- Exercise goal -
Copy every record exactly. Nothing may be skipped.

= = = = =

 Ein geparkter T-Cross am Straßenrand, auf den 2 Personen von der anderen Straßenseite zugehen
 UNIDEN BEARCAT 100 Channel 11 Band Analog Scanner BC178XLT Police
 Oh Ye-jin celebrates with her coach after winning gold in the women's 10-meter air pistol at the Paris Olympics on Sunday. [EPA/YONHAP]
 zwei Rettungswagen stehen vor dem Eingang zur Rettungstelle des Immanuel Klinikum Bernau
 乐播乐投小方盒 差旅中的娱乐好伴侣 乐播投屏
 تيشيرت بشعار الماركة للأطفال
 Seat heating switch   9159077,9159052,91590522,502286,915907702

= = = = =

- Your response -
 Ein geparkter T-Cross am Straßenrand, auf den 2 Personen von der anderen Straßenseite zugehen
 UNIDEN BEARCAT 100 Channel 11 Band Analog Scanner BC178XLT Police
 Oh Ye-jin celebrates with her coach after winning gold in the women's 10-meter air pistol at the Paris Olympics on Sunday. [EPA/YONHAP]
 zwei Rettungswagen stehen vor dem Eingang zur Rettungstelle des Immanuel Klinikum Bernau
 乐播乐投小方盒 差旅中的娱乐好伴侣 乐播投屏
 تيشيرت بشعار الماركة للأطفال
 Seat heating switch   9159077,9159052,91590522,502286,915907702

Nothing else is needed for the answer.